The Wealth Effect and Its Concomitant Trends
There is a definite trend in the propaganda business and the major epicenter, at least in my opinion, is Bloomberg News. And it would appear that outfit has one particular group of ‘reporters’ that are responsible for the majority of the spin stories we see on Bloomberg. I’m not simply taking potshots at Bloomberg here either. The fact of the matter is that many other sources get their story ideas from Bloomberg, CNBC, and the other major networks. So any sources of misinformation need to be called out because you can bet that stuff is going to be repeated, which is the whole idea. Goebbels would be proud. Pick a lie, make it a London Whale of a lie (no apologies to JP and the boys), and then repeat it like crazy. Eventually it’ll become the truth. That is precisely what is going on here.
All of this revolves around the ‘wealth effect’, which I’ve been harping on recently, and with good reason. It is one of the mechanisms, along with the perception of value of an intrinsically worthless currency, that the powers that be count on to perpetuate the sham that is the global economy in 2013. The goal here is to look at what is really going on and to demonstrate how economic actions are following the perceptions rather than reality. This is an extremely bad prognosis for the future of this country (and the world in general), but extremely good news for the establishment that profits from such actions.
Consumer Spending Increases – Faux Statistics at Their Finest
Directly from the Bloomberg article linked here:
“Household purchases, which account for about 70 percent of the economy, climbed 0.3 percent after a revised 0.2 percent advance in July that was more than previously estimated, the Commerce Department reported today in Washington. The advance in August matched the median forecast of economists in a Bloomberg survey. Incomes rose 0.4 percent, the most in six months.
Rising home values, stock market gains, and an improved job market are cushioning the effects of this year’s payroll tax increase and giving households the means to sustain purchases. At the same time, spending growth has shown little momentum since the end of the second quarter.”
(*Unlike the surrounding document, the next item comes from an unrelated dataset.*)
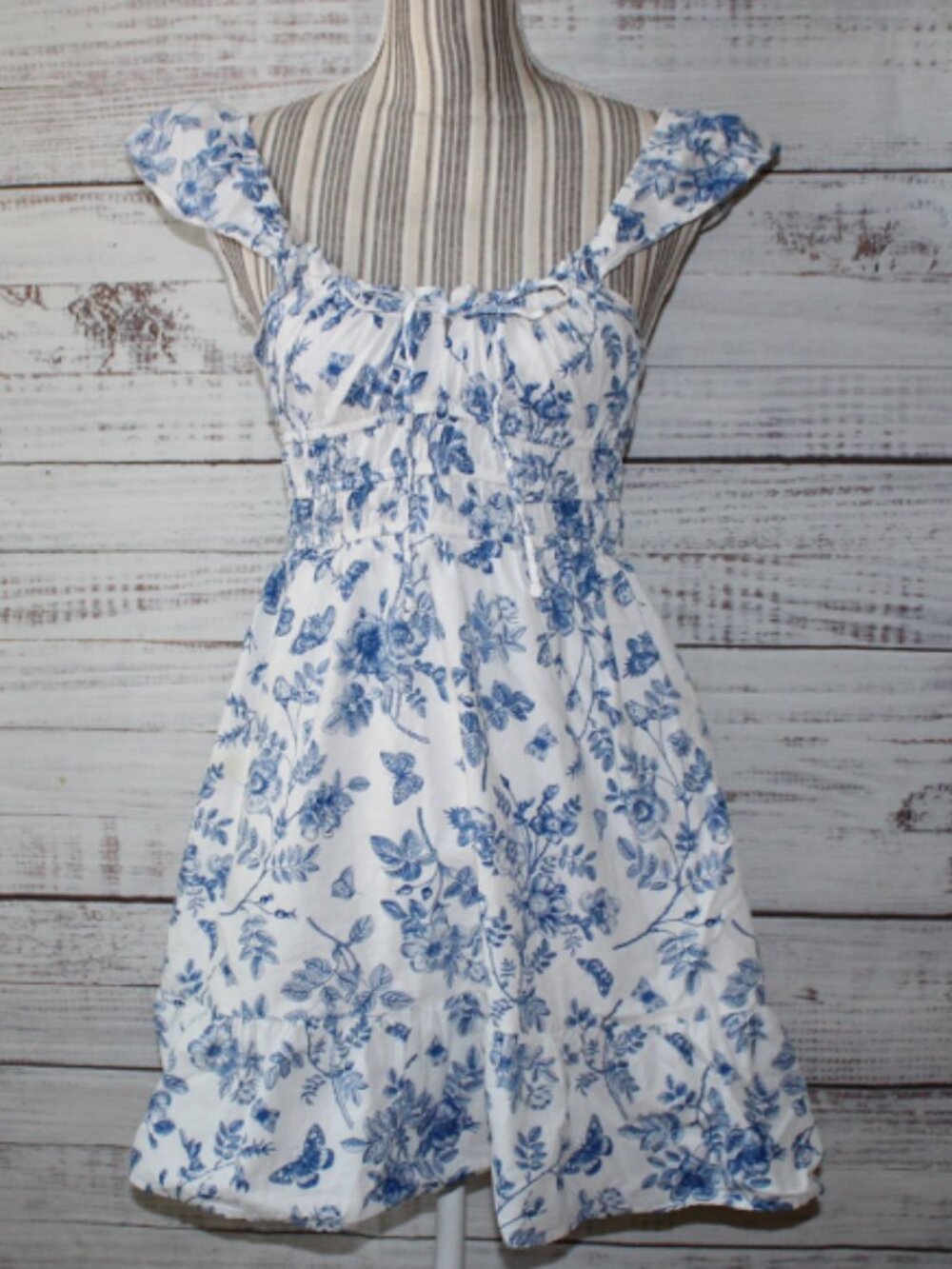 Popular 21 Flutter Strap Floral butterfly Mini Dress Size Medium - Picture 2 of 5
What we see above is the ‘wealth effect’ I have hammered so many times in the past. It is not a difficult concept. If people feel secure, they’re more likely to engage in additional spending. The redux here occurs in the fact that there is solid data that points to the fact that people aren’t feeling more secure about their overall situations. In fact, as most data points, more and more people are feeling much less secure. And another thing we have to look at is debt load. The debt load carried by the consumer, after taking a break a few years back, is on the rise again.
What is also disturbing is another trend we’ve been watching develop over the last several decades. I’m going to use car loans as an example, and that is the duration of loans in general. The number of months has increased dramatically from less than 3 years in 1971 to roughly 5 years today. So what? Well, that is a 67% increase in the length of the loan and that means 2 more years of interest payments. This data doesn’t include lease arrangements. These are just outright purchases of new vehicles through finance companies.